═══ Given data
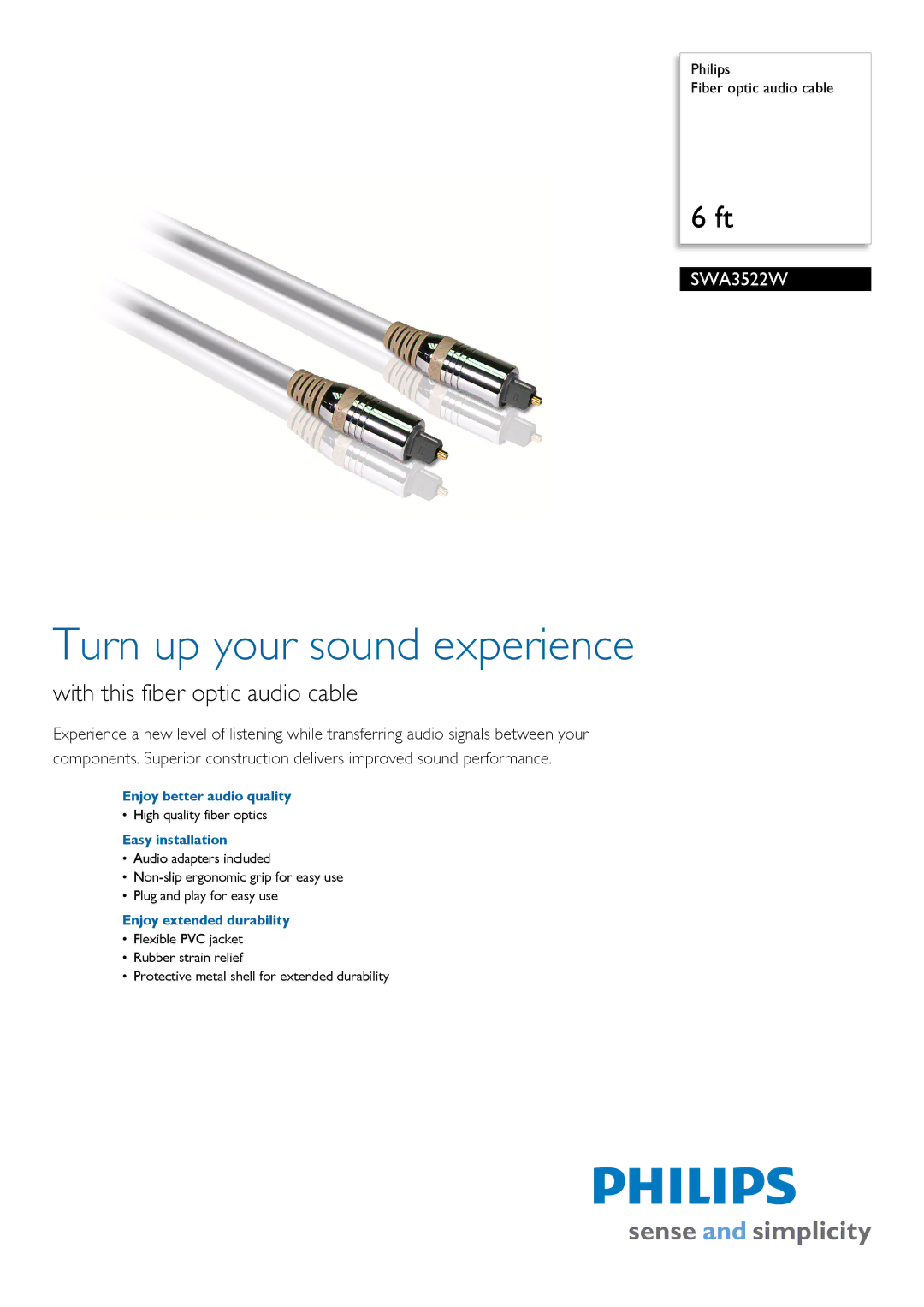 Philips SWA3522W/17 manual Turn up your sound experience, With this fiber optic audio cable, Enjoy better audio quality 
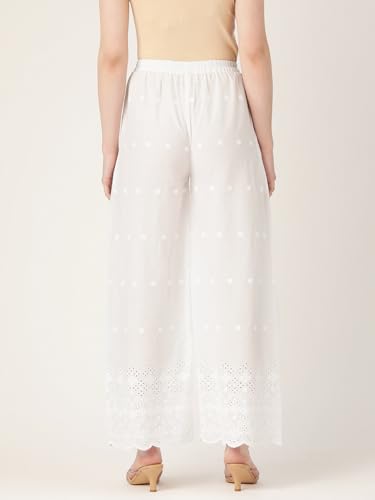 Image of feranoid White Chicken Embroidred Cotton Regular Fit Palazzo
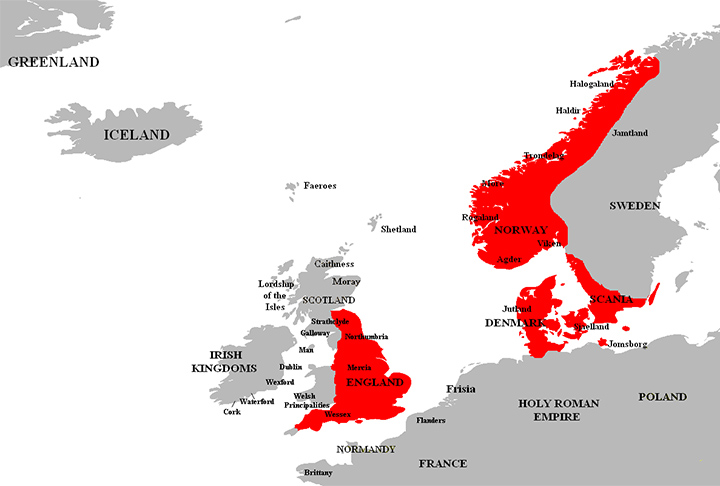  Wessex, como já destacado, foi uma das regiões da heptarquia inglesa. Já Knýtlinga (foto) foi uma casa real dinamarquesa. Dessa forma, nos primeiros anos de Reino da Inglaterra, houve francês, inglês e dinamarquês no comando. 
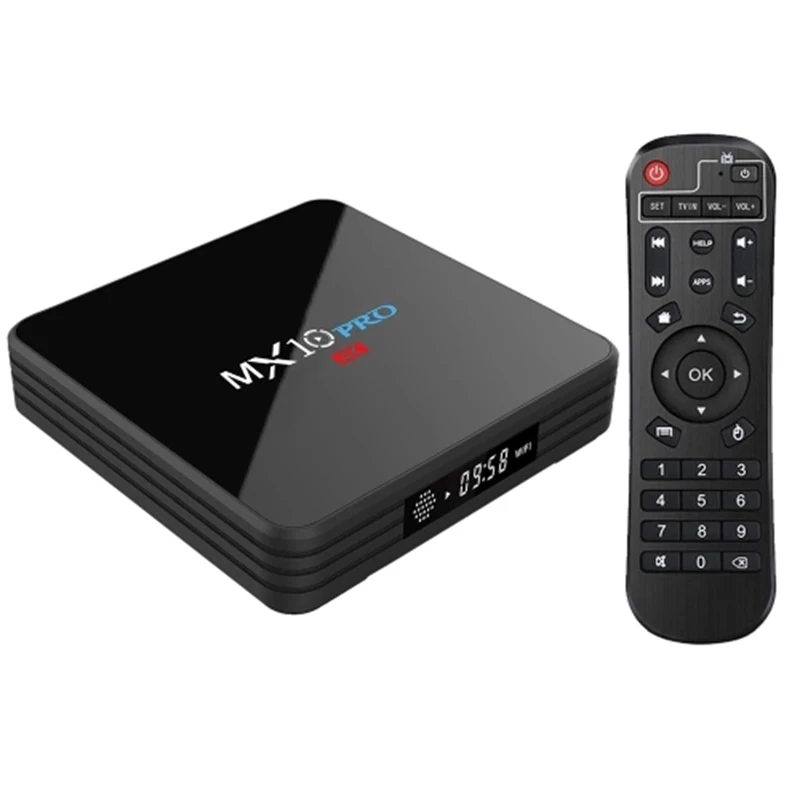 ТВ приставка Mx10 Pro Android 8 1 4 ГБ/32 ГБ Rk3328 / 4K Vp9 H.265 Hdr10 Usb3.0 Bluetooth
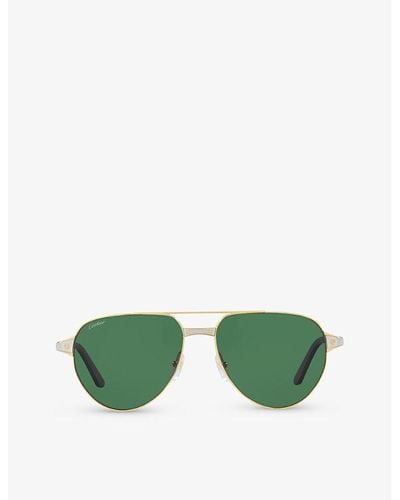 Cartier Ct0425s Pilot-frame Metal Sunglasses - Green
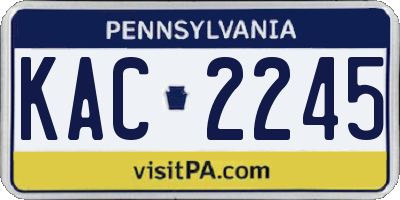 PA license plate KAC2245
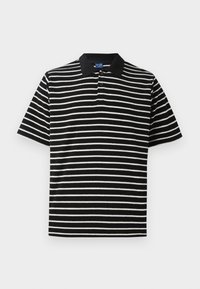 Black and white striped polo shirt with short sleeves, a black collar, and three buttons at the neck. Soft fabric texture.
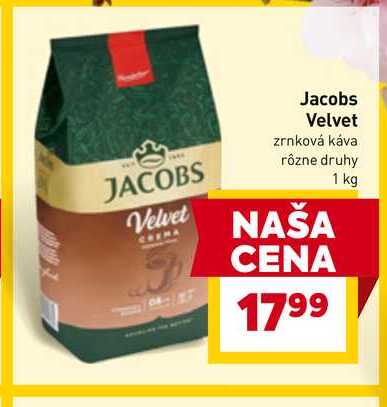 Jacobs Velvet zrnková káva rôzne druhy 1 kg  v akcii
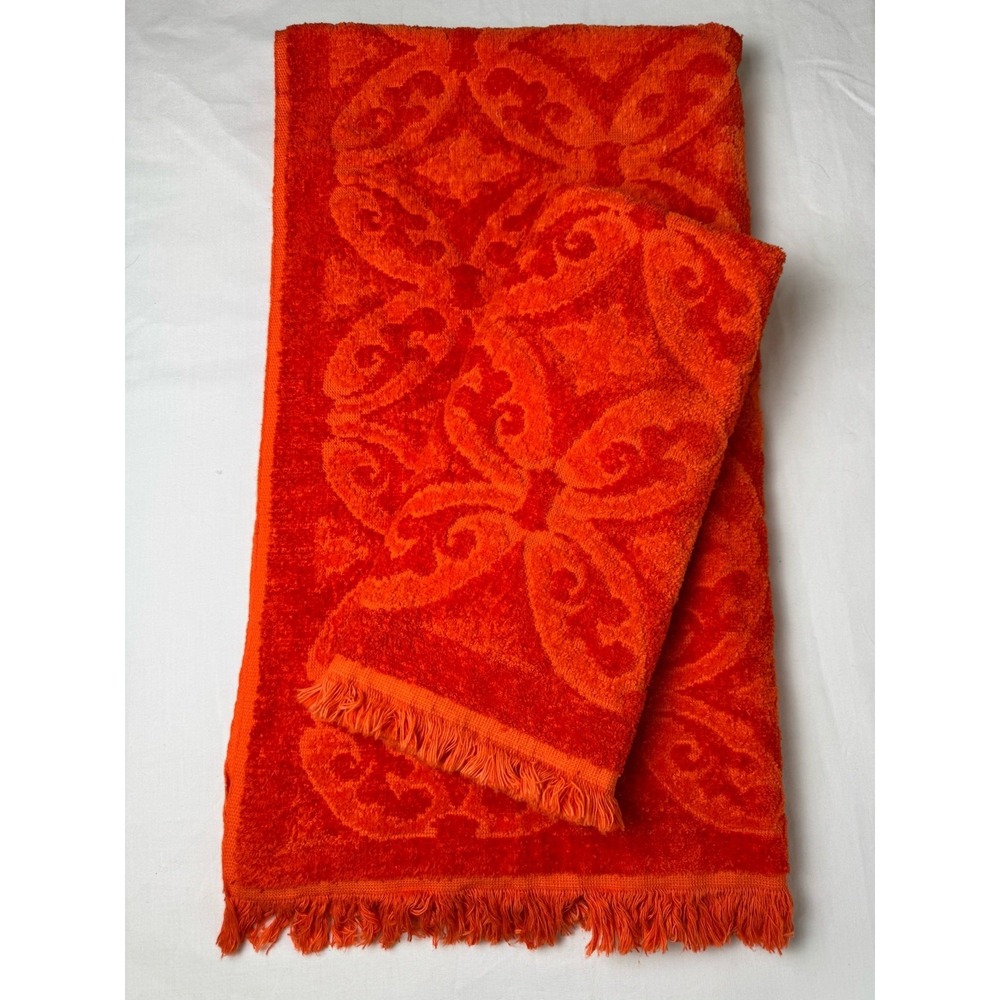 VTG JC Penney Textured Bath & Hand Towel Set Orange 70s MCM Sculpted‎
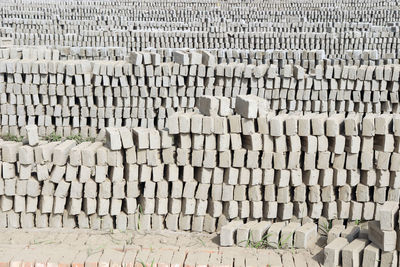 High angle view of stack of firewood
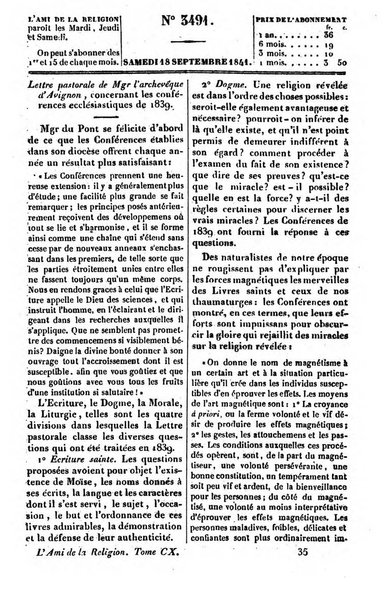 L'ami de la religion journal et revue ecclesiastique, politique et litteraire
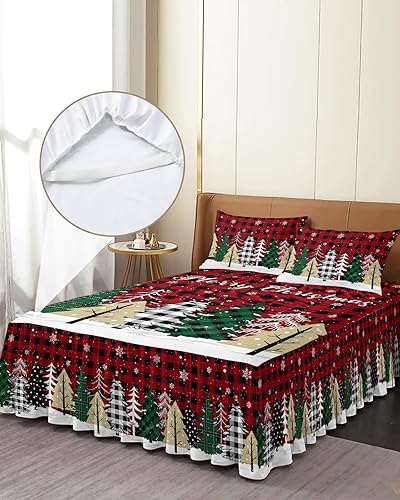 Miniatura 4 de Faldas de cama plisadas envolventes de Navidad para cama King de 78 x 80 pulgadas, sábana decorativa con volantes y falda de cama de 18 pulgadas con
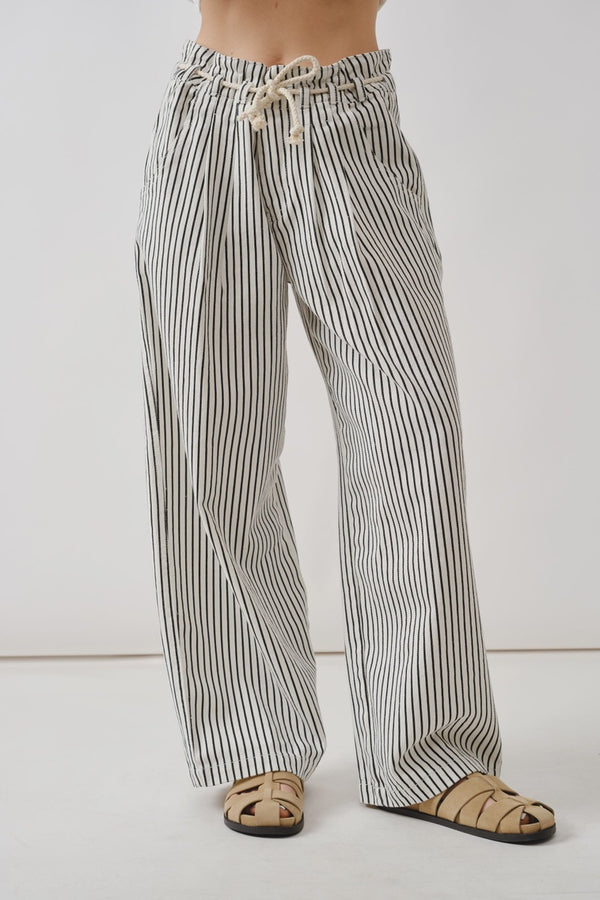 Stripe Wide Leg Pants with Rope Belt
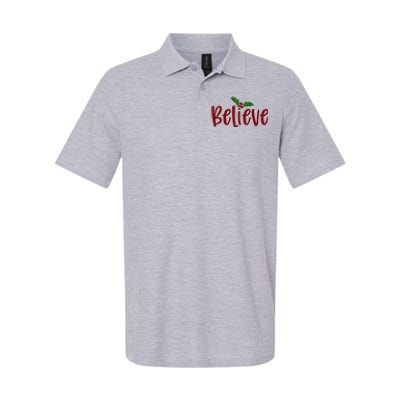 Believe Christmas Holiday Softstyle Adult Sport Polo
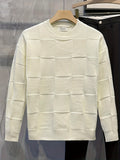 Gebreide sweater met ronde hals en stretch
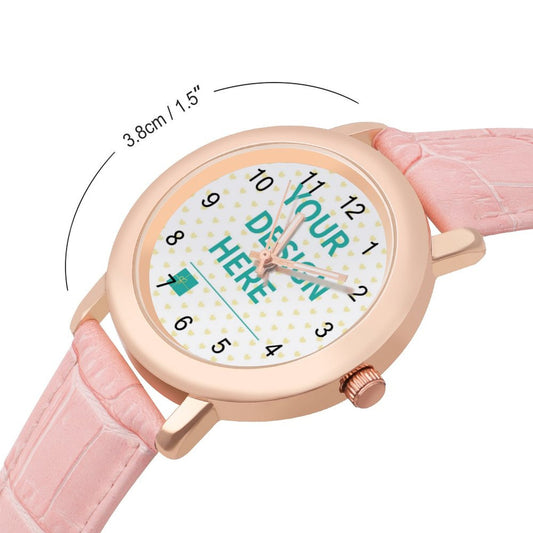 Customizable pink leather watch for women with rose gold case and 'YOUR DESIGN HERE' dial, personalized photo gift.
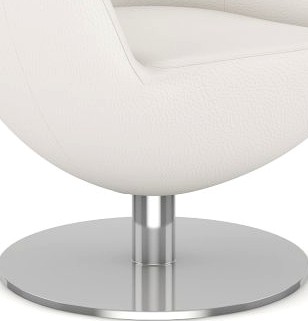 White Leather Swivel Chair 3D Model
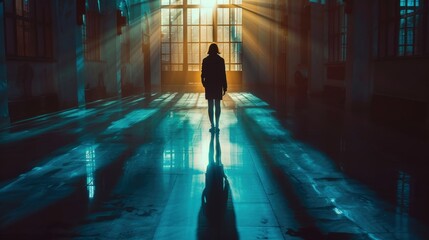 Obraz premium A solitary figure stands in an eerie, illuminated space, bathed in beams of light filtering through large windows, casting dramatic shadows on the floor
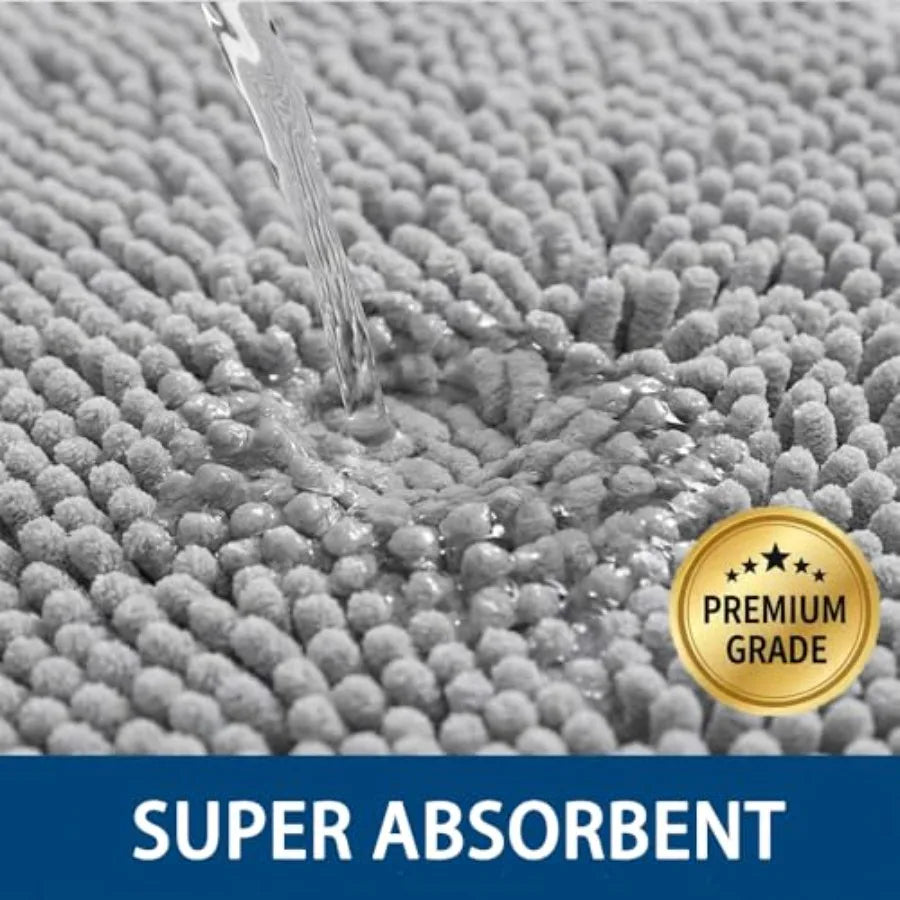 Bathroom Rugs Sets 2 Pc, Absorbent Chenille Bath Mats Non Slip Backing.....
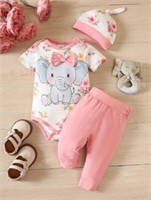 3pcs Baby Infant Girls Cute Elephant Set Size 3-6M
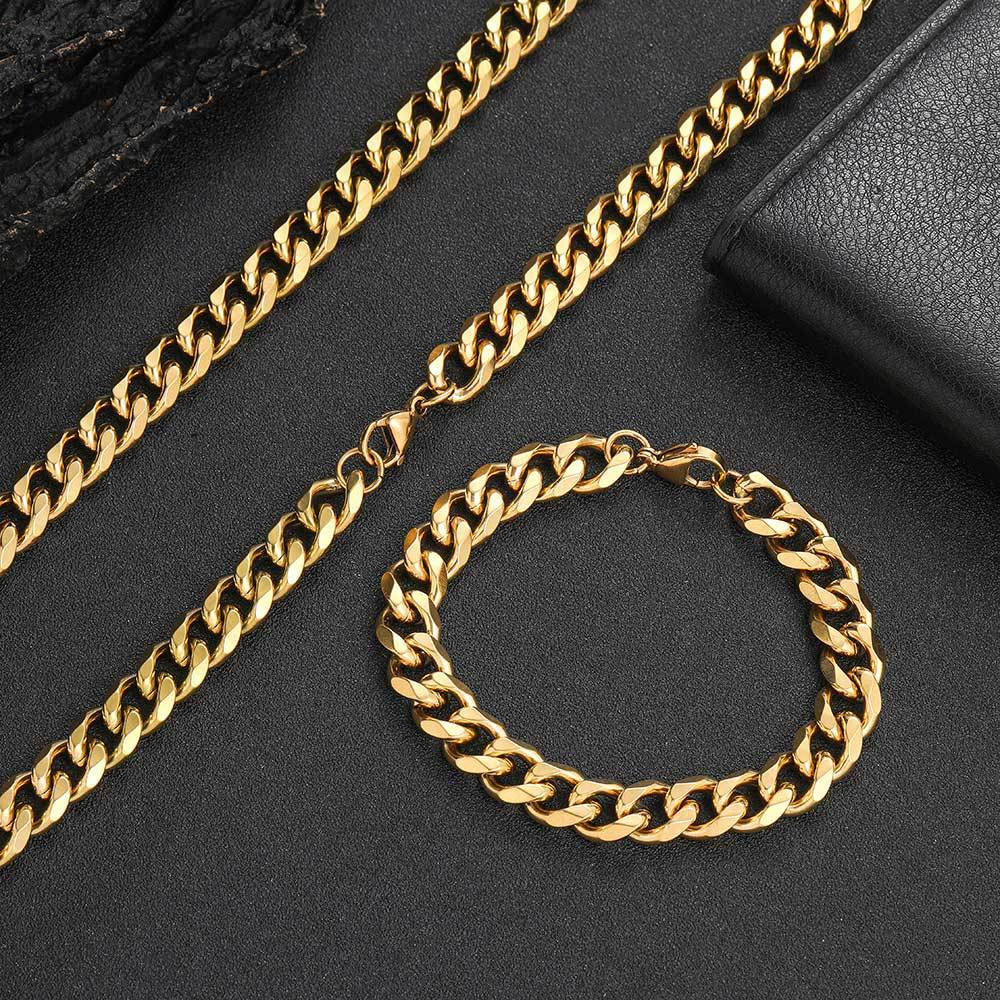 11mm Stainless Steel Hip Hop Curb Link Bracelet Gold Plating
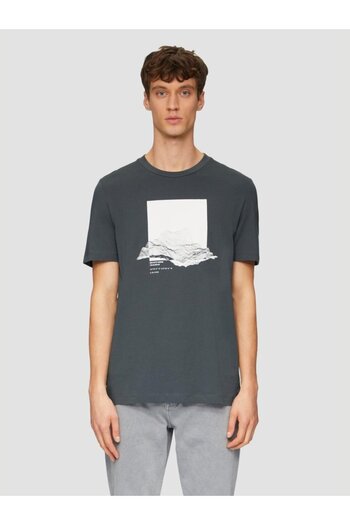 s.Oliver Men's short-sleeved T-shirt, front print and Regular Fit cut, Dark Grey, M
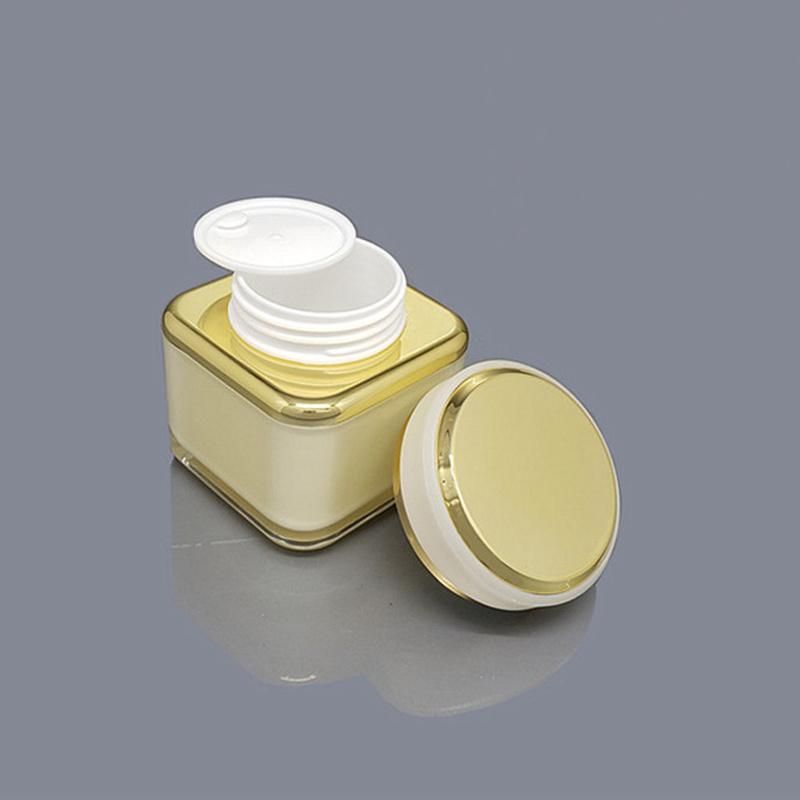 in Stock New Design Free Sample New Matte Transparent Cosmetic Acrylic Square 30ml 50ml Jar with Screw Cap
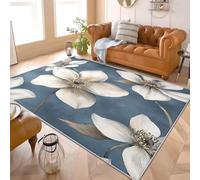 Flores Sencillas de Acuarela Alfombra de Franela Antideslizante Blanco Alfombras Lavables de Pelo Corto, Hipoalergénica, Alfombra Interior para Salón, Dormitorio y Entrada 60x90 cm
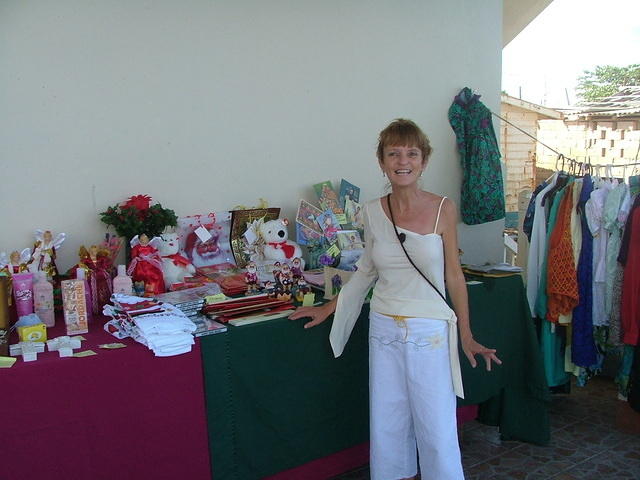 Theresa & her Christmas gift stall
══════
How to complete this task: Nothing but the lines above from the one that has "Stripe Wide Leg Pants with Rope Belt" down to the one that has "11mm Stainless Steel" belongs in the answer, copied exactly, without pictures.

Solution to this exercise:
 Stripe Wide Leg Pants with Rope Belt
 Believe Christmas Holiday Softstyle Adult Sport Polo
 Gebreide sweater met ronde hals en stretch
 Customizable pink leather watch for women with rose gold case and 'YOUR DESIGN HERE' dial, personalized photo gift.
 White Leather Swivel Chair 3D Model
 Obraz premium A solitary figure stands in an eerie, illuminated space, bathed in beams of light filtering through large windows, casting dramatic shadows on the floor
 Bathroom Rugs Sets 2 Pc, Absorbent Chenille Bath Mats Non Slip Backing.....
 3pcs Baby Infant Girls Cute Elephant Set Size 3-6M
 11mm Stainless Steel Hip Hop Curb Link Bracelet Gold Plating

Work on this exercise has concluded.